Exercise directions: In the entries below, repeat only the lines between those holding "Люстра Favourite 2007-1P Ampolla" and "Posłanka pokazała zdjęcie", inclusive. Leave pictures out.

Task inputs:
━━━━━━━━━━

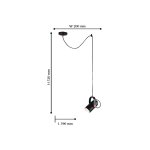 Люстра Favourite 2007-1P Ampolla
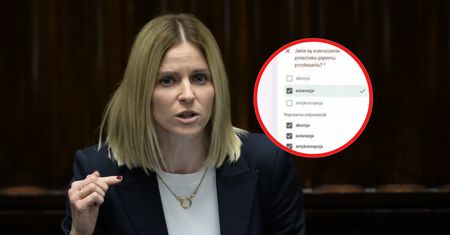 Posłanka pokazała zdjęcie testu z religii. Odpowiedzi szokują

━━━━━━━━━━

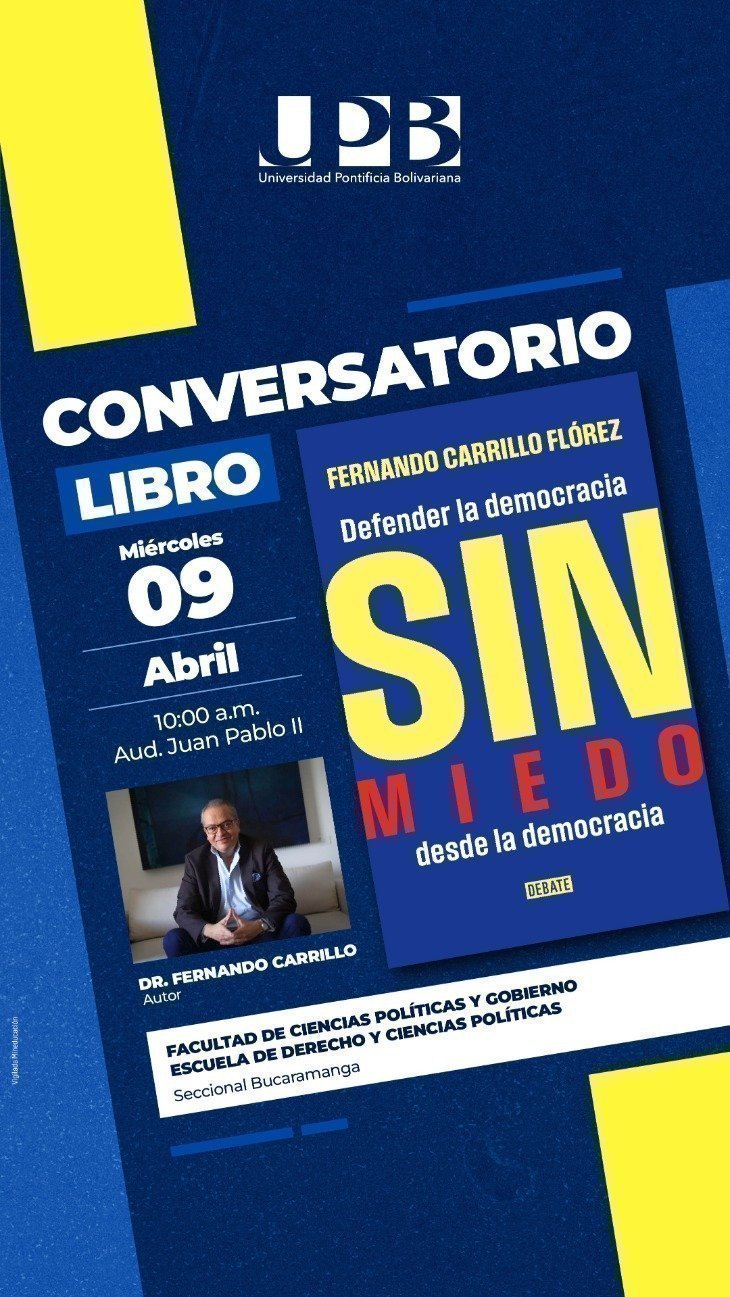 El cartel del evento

━━━━━━━━━━

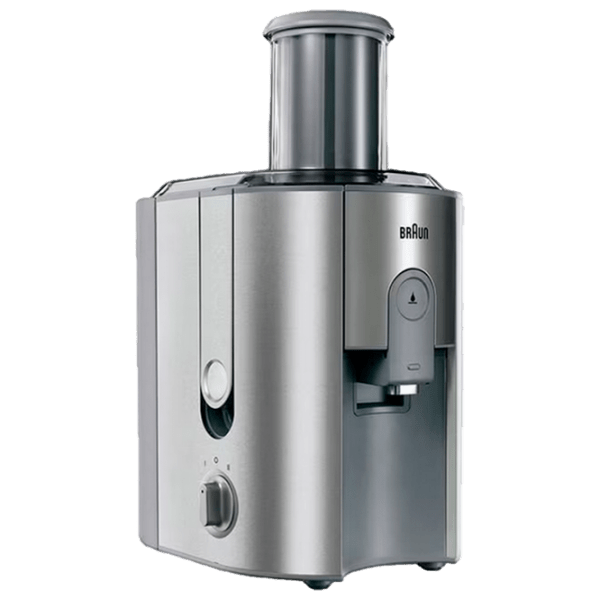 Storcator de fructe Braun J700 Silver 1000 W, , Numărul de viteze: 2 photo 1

━━━━━━━━━━

Task output:
 Люстра Favourite 2007-1P Ampolla
 Posłanka pokazała zdjęcie testu z religii. Odpowiedzi szokują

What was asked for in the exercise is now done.